Starting point is 00:11:52 My family gets together with about 12 other families at someone's house. There's tables all over their house in the living room and a formal area and a regular area in the kitchen. And now it's almost three generations. It's grandparents, parents, their kids, and now new kids. And we've been going to the same house for 15 years, and everybody brings food as a potluck. So I actually have never missed one in all the years I've been going. Wow, that sounds like fun. I should come to your house.
Starting point is 00:12:18 Or whomever's house this thing is happening. Yes, you're invited. In between, like, the sort of inter-holiday period, you know, between Thanksgiving and, you know, Christmas, whatever it is you celebrate. Do people stop eating? Do they stop cooking? Are they over it? Is there any pattern that you see in that kind of inner holiday period? Hmm.
Starting point is 00:12:38 We, well, we change the kind of food that we're serving. And of course, there's different vegetables that are in season that we use, you know, squashes and root vegetables. And we only see, the only shift we see is when people are traveling out of town. So most people take a longer vacation in December. If they're home and it's not a holiday, they're eating gobble. Like it's something that people depend on and get very. upset about if it doesn't show up, which is exciting to me. I want to be an integral part of your life. And we actually ask someone to let us know when they're skipping a week why it is. So they'll
Starting point is 00:13:16 tell us, hey, the menu isn't good, or I'm out of town, or I'm cost saving right now.

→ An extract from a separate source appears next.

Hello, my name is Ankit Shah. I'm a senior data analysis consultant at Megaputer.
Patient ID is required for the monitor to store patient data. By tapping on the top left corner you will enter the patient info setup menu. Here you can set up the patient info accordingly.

So according to all of our results in the past, really, we only see people going out of town more right now. Do you see after the first of the year, you know, that's when everybody joins a gym? Do they also like shift to like, okay, I'm only eating vegetarian now or just bring me all vegetables and raw vegetable form and et cetera? Absolutely. Absolutely. It's such a funny shift because we go from all of our, all those biscuits and mashed potatoes
Starting point is 00:13:46 to lots of salads and, you know, like shredded chicken or salmon and that kind of thing. So we're ready for that shift. January and onwards is really a game time for developing new habits for folks. And so for food services and especially subscription food services, it's good to be prepared. Are you seeing any trends in terms of how people are eating? There's lots of discussion. I mean, like we'd all like to, let's be frank, eat healthier, that doesn't necessarily mean that we do. Right.
Starting point is 00:14:16 In our menu rubric, we have a certain, we have rules around how many healthy meals and how many comfort meals we would offer or how many traditional American meals or ethnic meals. About 10% of our user base right now is vegetarian. There is a vocal population that are gluten-free. And we do see folks that usually get our omnivore box, which is chicken, fish, and red meat, dabbling in vegetarian meals. And those are individual meals. They're not all piled in one box. That's right.

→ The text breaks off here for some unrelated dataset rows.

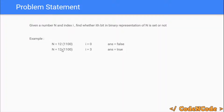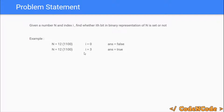For example, if n equals 12, whose binary representation is 1100, and i equals 0, then at index 0 the ith bit is not set, so we would return false. In the second test case, n is 12 again with binary representation 1100, and i is 3. At the third index the bit is set, so we would return true.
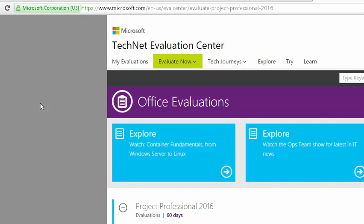Maybe you'll want to purchase it, maybe you won't, but for our purposes we're just going to get up and running with it. All you will need is an evaluation copy.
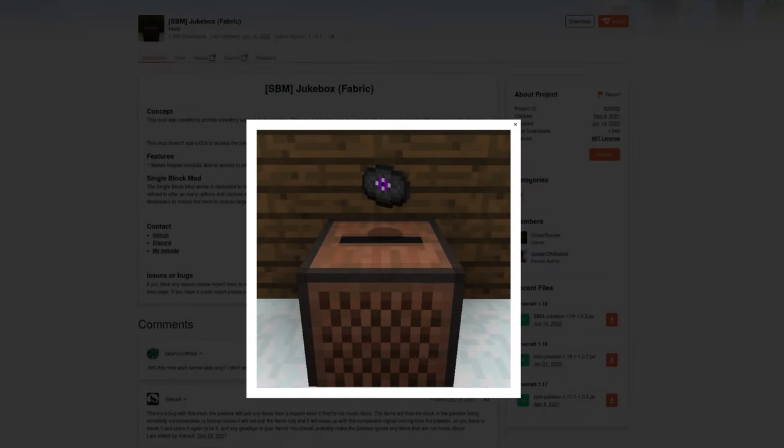So the first thing you're gonna need to do — and honestly this goes without saying — you're gonna need to download the mod. I use Fabric; this is the Fabric version. They also have a Forge version. They're both up on CurseForge, and also both up on GitHub if you want to download the jars from there, or build it yourself if you're super pro like that.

Starting point is 00:14:47 They're all individual meals. So people will switch out, let's say, a beef for a vegetarian meal or a chicken for a vegetarian meal. And I care about that. And I care about a balanced diet. So we focus a lot on vegetarian meal innovation as well. And so you're saying, at least people are trying to, okay, this meal, this one meal this week, I'm going to go vegetarian or, and maybe that's increasing. But like you can't pin down a trend at this point yet. We can see more people caring about health and food transparency and where their food comes from. And so I slowly see more people eating. They want meat as a garnish on their food as opposed to a center of plate every single time, which I think is great. And in line with what we know right now. about what's most healthy for you, but we still have a lot of work to do.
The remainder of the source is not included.